Figure 8: Data-lifecycle related functionalities of metadata management tools.

Figure 8: Data-lifecycle related functionalities of metadata management tools.

Data discovery, ingestion, integration, analysis, and AI/ML functionalities are the most common. This analysis demonstrates the fact that metadata management tools deal with more than metadata. By using metadata, they enable a data lifecycle.

Metadata management tools have been implemented in various industries. Figure 9 demonstrates some statistics.

Figure 9: Implementation statistics per industry.

Figure 9: Implementation statistics per industry.

I could not find industry-related information for almost 50% of reviewed solutions. Financial services, retail, healthcare, telecom, and government are the leading industries implementing metadata solutions.

Conclusions and recommendations

After reviewing metadata management IT tools, I can make several conclusions regarding so-called “metadata management” IT tools:

  1. These IT tools provide functionalities far beyond the functionalities associated with the metadata management definition.

The common definition stresses that metadata management focuses on discovering, gathering, and integrating metadata. In other words, metadata management focuses on enabling the metadata lifecycle.

Most of the so-called metadata IT tools use metadata capabilities to support various data management capabilities they offer.

  1. So-called metadata, data management, data governance, and data lineage tools provide a lot of intersecting functionalities. Providing different “labels” to the same IT tools only confuses the situation and obstructs the process of selecting IT tools.

For companies that are looking for a metadata-management tool, I can recommend undertaking the following steps:

  1. Define the goal of usage and the scope of metadata to be documented

As we discussed, metadata can be of various types. They serve different purposes. For example, a company needs business and technical metadata to ensure data transparency by implementing data lineage. For the purpose of data observability, all three metadata types are required.

  1. Create a metamodel of metadata

This metamodel must describe the required metadata objects and elements to be gathered and integrated.

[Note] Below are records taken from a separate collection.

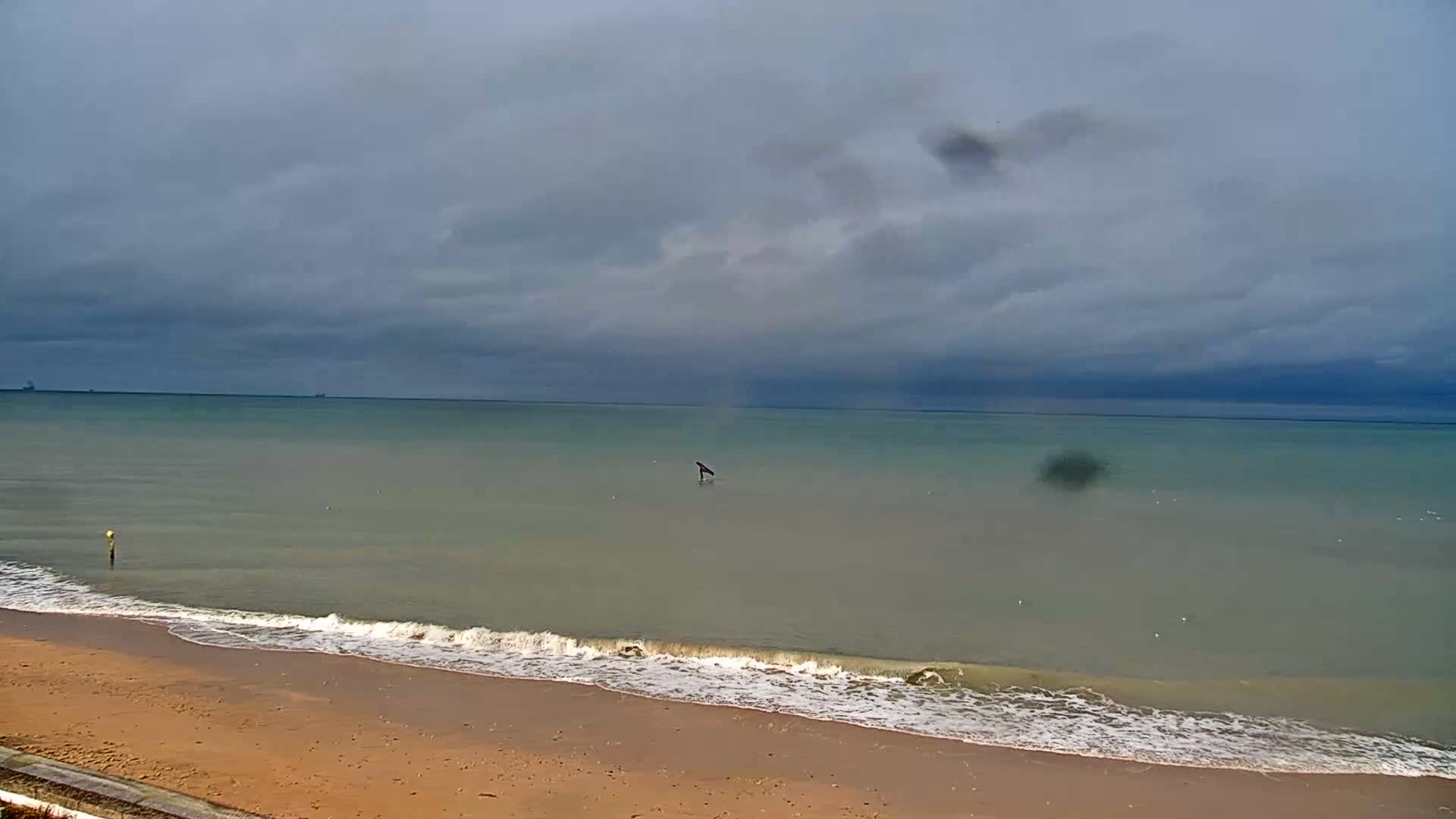 Plage de Langrune-sur-Mer Beach Live Cam - Caen, Calvados, Normandie, France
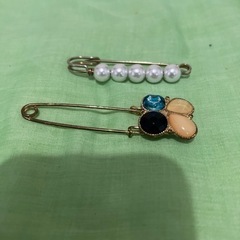 ヘアアクセ、ネックレス、ブレスレット、ブローチの画像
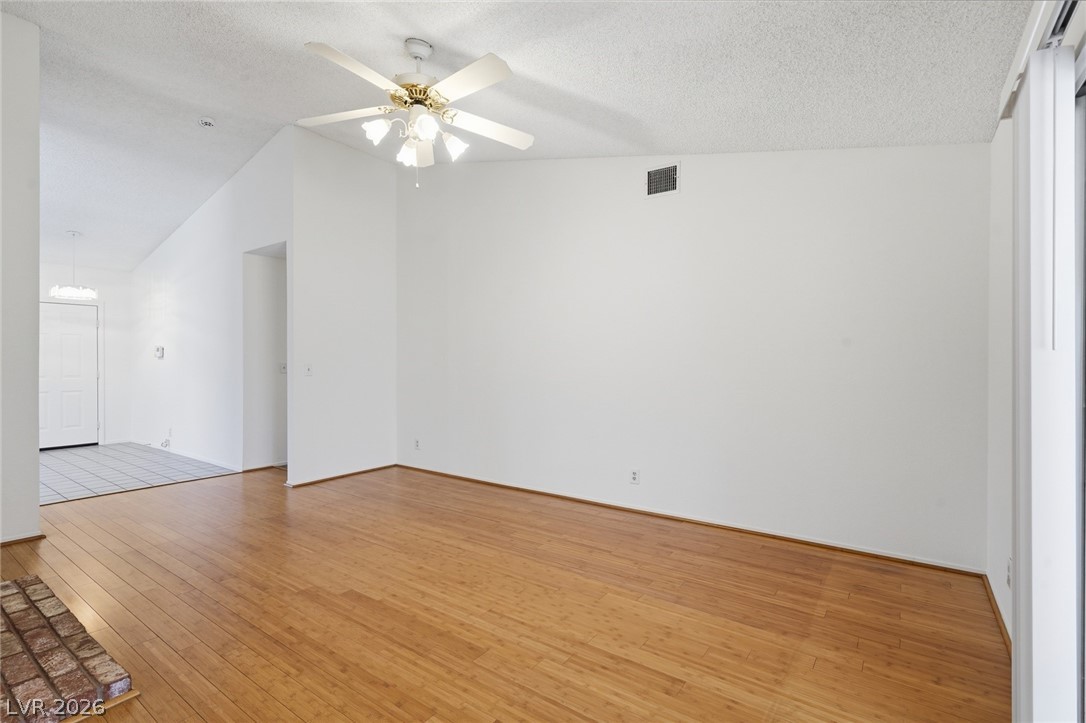 3004 Olivegrove Street Las Vegas NV 89108
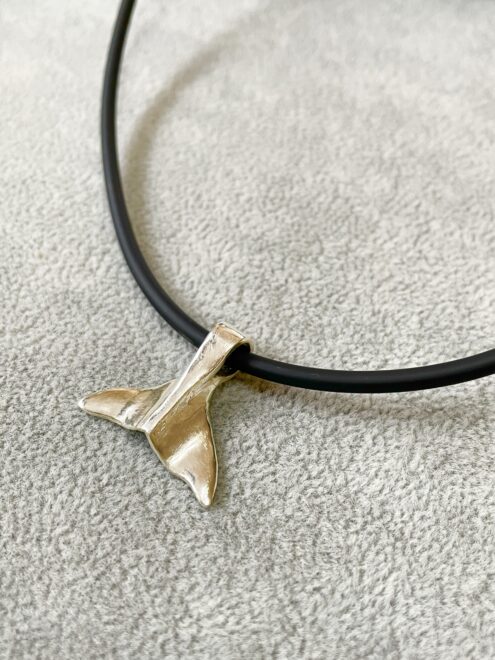 ドルフィンテールネックレス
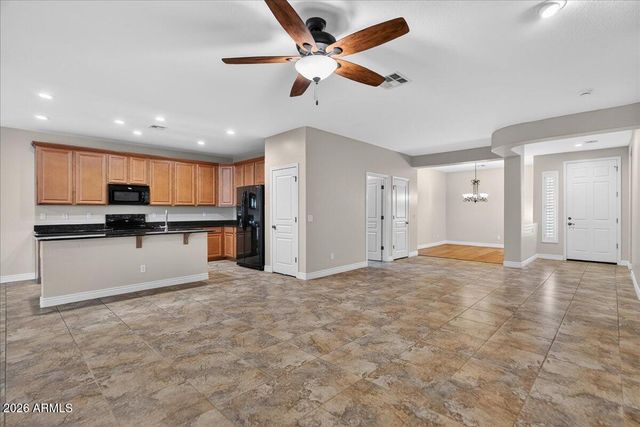 27834 N GIDIYUP Trail, Phoenix, AZ 85085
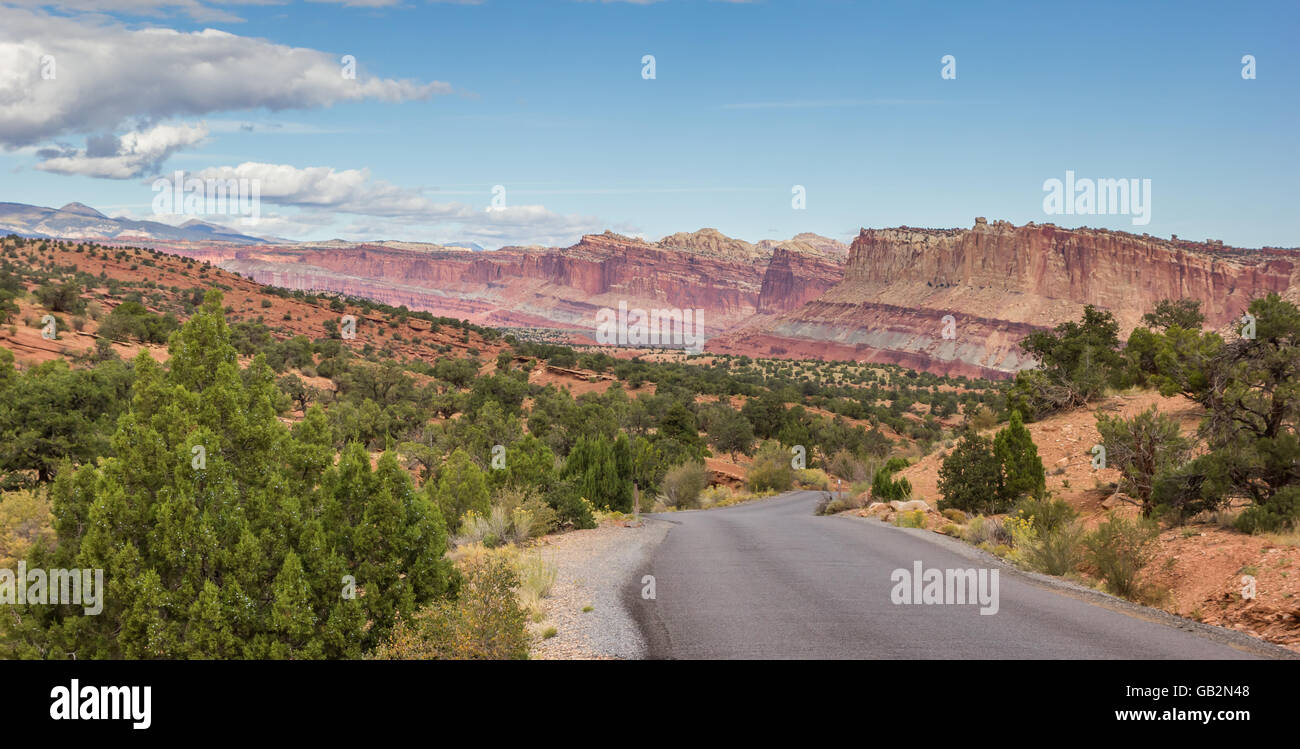 Panorama auf die landschaftlich reizvolle Fahrt im Capitol Reef National Park, Utah, Vereinigte Staaten Stockfoto
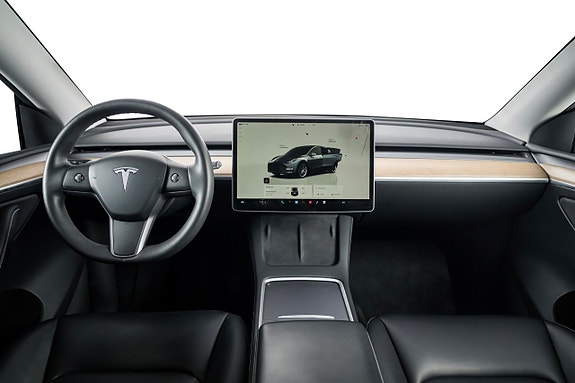 Tesla Model Y 18 of 23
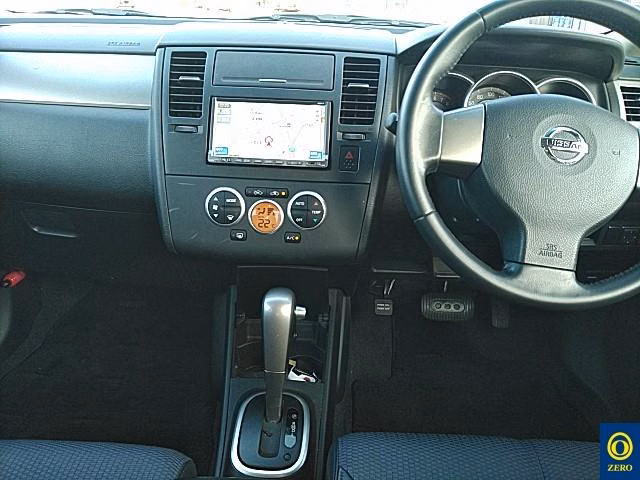 NISSAN TIIDA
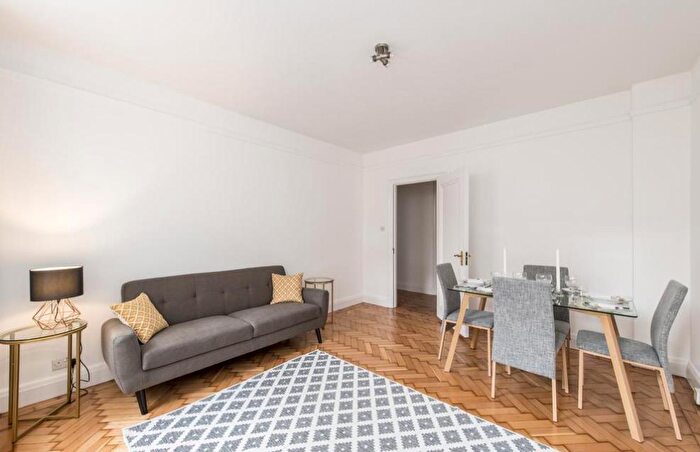 2 Bedroom Apartment To Rent In Abbey Road, St John's Wood, London, NW8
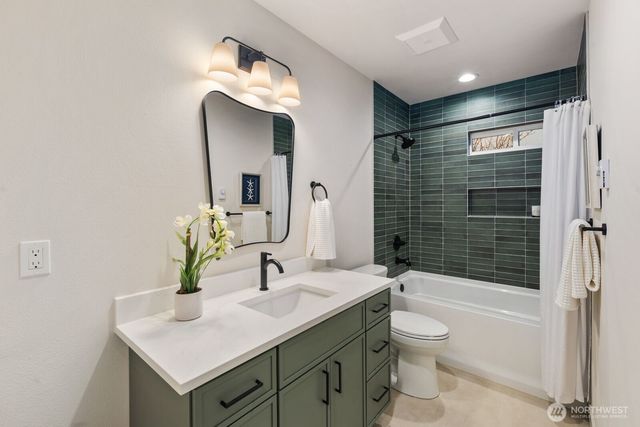 2314 46th Avenue SW, Seattle, WA 98116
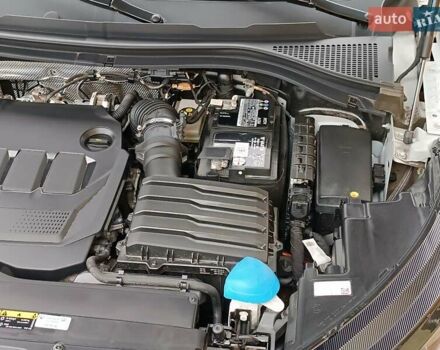 Серый Шкода Kodiaq, объемом двигателя 1.97 л и пробегом 106 тыс. км за 37700 $, фото 79 на Automoto.ua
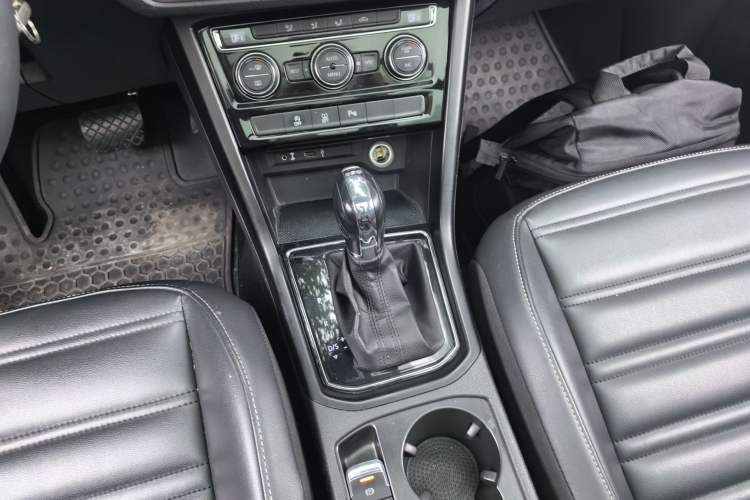 Used Volkswagen Touran 2018 Volkswagen Touran L 280TSI DSG Comfort Edition 7 Seats China V Emission Standard Gear Lever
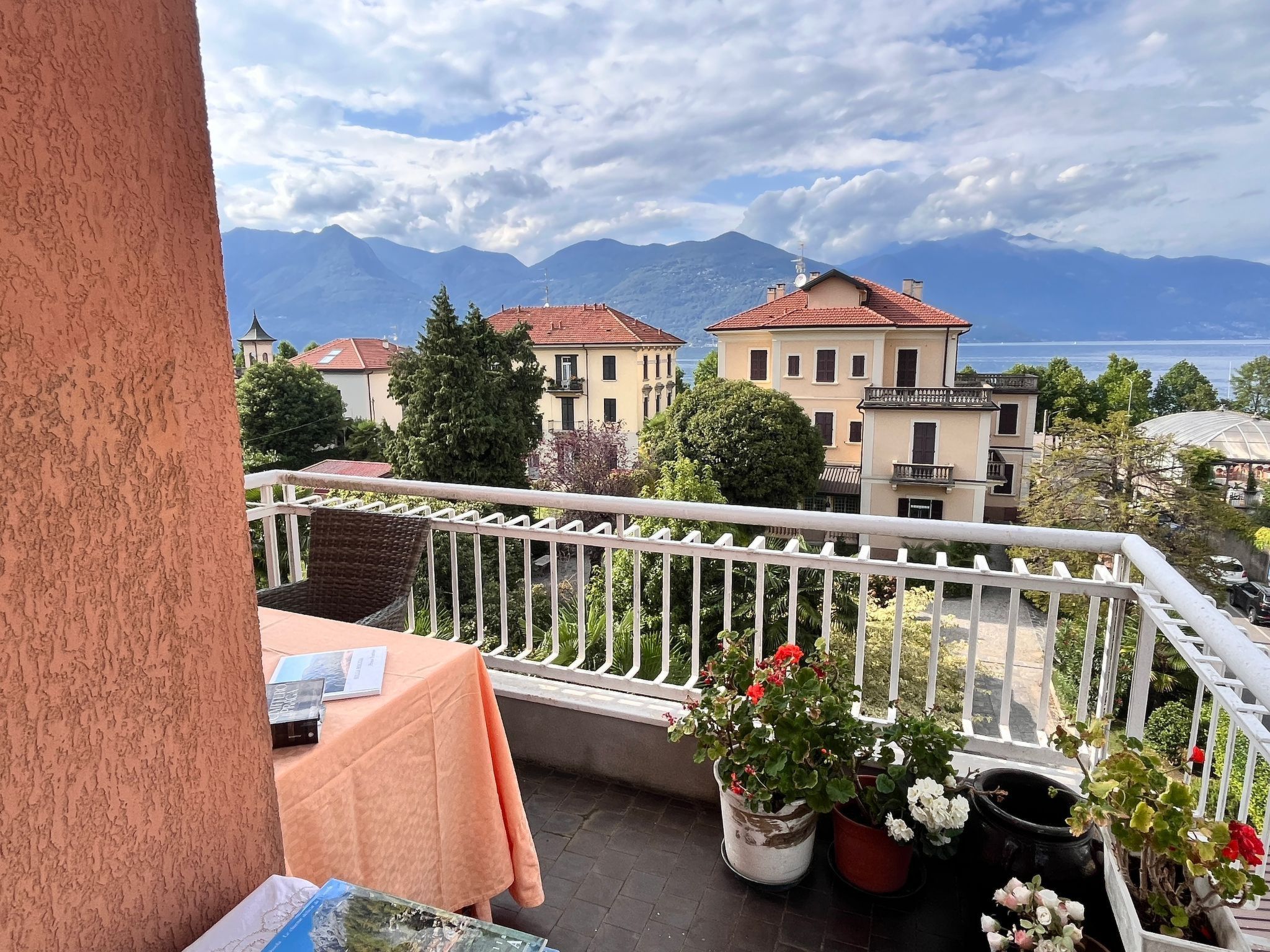 Photo of Casa Verdi" am See, nur einen Steinwurf vom Stadtzentrum entfernt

The relationships between these metadata objects must also be a part of this model.

  1. Define the source of metadata within the company.

Depending on the metamodel requirements, a company can identify various metadata sources like data modeling tools and lifecycle management tools.

  1. Detail requirements regarding IT tools focused on enabling a metadata lifecycle.

A company can start the metadata management IT tool selection process only after identifying these requirements.